Prove: $\sqrt[3]{\frac{a^{2}+bc}{b^2+c^2}}+\sqrt[3]{\frac{b^{2}+ac}{a^2+c^2}}+\sqrt[3]{\frac{c^{2}+ab}{a^2+b^2}}\geq 9\frac{\sqrt[3]{abc}}{a+b+c}$ Let $a,b,c\in \mathbb{R^+}$.

Prove: $\sqrt[3]{\frac{a^{2}+bc}{b^2+c^2}}+\sqrt[3]{\frac{b^{2}+ac}{a^2+c^2}}+\sqrt[3]{\frac{c^{2}+ab}{a^2+b^2}}\geq 9\frac{\sqrt[3]{abc}}{a+b+c}$

PS: I don't have ay ideas about this problem :(
Thanks
 A: By Holder $\left(\sum\limits_{cyc}\sqrt[3]{\frac{a^2+bc}{b^2+c^2}}\right)^3\sum\limits_{cyc}(b^2+c^2)(a^2+bc)^3\geq\left(\sum\limits_{cyc}(a^2+ab)\right)^4$.

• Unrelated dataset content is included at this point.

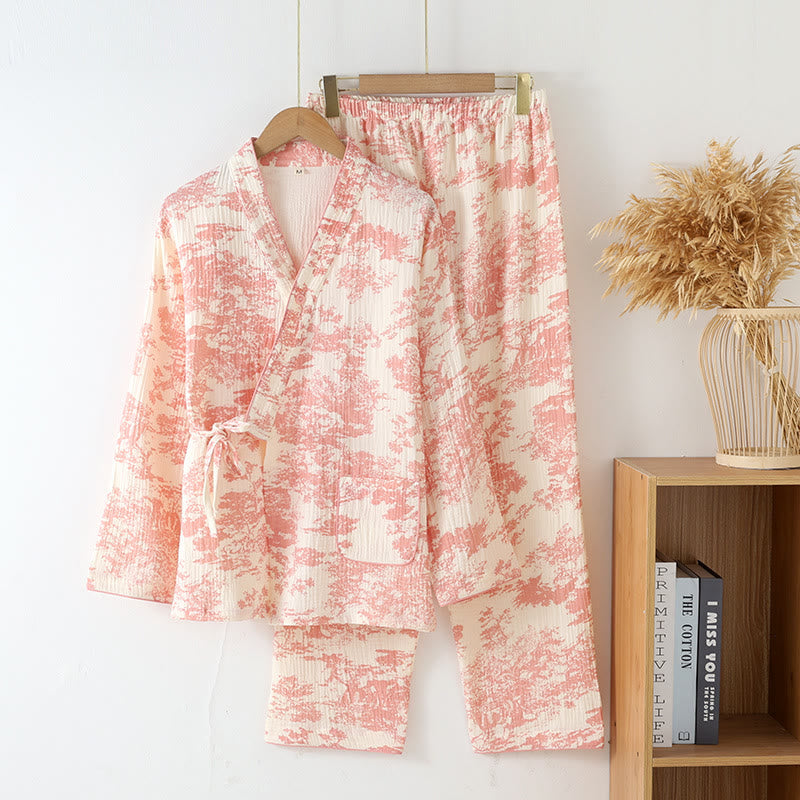 Élégant pyjama kimono femme en tissu léger et respirant, coupe ample pour confort toute saison.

Thus, it remains to prove that $\left(\sum\limits_{cyc}(a^2+ab)\right)^4(a+b+c)^3\geq729abc\sum\limits_{cyc}(b^2+c^2)(a^2+bc)^3$, which is obvious.

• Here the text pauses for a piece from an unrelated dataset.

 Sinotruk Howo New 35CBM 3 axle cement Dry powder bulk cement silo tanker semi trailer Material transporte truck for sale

A: $\sqrt[3]{\dfrac{a^{2}+bc}{b^2+c^2}}+\sqrt[3]{\dfrac{b^{2}+ac}{a^2+c^2}}+\sqrt[3]{\dfrac{c^{2}+ab}{a^2+b^2}}\ge 3 \sqrt[3]{\sqrt[3]{\dfrac{a^{2}+bc}{b^2+c^2}}\sqrt[3]{\dfrac{b^{2}+ac}{a^2+c^2}}\sqrt[3]{\dfrac{c^{2}+ab}{a^2+b^2}}}  \\ \iff \sqrt[3]{\sqrt[3]{\dfrac{a^{2}+bc}{b^2+c^2}}\sqrt[3]{\dfrac{b^{2}+ac}{a^2+c^2}}\sqrt[3]{\dfrac{c^{2}+ab}{a^2+b^2}}} \ge 3\dfrac{\sqrt[3]{abc}}{a+b+c} $
now we prove a stronger one :
$\sqrt[3]{\dfrac{a^{2}+bc}{b^2+c^2}}\sqrt[3]{\dfrac{b^{2}+ac}{a^2+c^2}}\sqrt[3]{\dfrac{c^{2}+ab}{a^2+b^2}}\ge \dfrac{3\sqrt[3]{abc}}{a+b+c} \iff \dfrac{(a^{2}+bc)(b^{2}+ac)(c^{2}+ab)}{(b^2+c^2)(a^2+c^2)(a^2+b^2)} \ge \dfrac{3^3abc}{(a+b+c)^3} \iff \dfrac{(a+b+c)^3}{3^3abc} \ge  \dfrac{(b^2+c^2)(a^2+c^2)(a^2+b^2)}{(a^{2}+bc)(b^{2}+ac)(c^{2}+ab)}$
there is a lemma:
$\dfrac{(a+b)(b+c)(c+a)}{8abc} \ge  \dfrac{(b^2+c^2)(a^2+c^2)(a^2+b^2)}{(a^{2}+bc)(b^{2}+ac)(c^{2}+ab)}$
Michael Rozenberg give this lemma a nice proof:
$(c^{2}+ab)(a+b)=a(b^2+c^2)+b(a^2+c^2) \ge 2 \sqrt{ab(b^2+c^2)(a^2+c^2)}$
with AM-GM, it is easy to prove:
$\dfrac{(a+b+c)^3}{3^3abc} \ge \dfrac{(a+b)(b+c)(c+a)}{8abc}$
A: This is just a hunch. First, the terms are all homogenous of the same degree. That's a good start. Put $a=b=c=1$. This gives exact equality. That's probably useful for something. Chances are, that's the maximum or the minimum of the difference between left and right hand side. Now vary $a$ by reducing it. Take the derivative. You can assume initially that $b=c=1$. Reduce $a$ from 1 to 0. Then the inequality gets stronger by the time you get to $a=0$. My hunch is that it's probably monotonic all the way from $a=1$ down to $a=0$. You can do the same sort of thing with the pair $(b,c)$, showing convexity or concavity. Then the result should magically appear! That's just a hunch.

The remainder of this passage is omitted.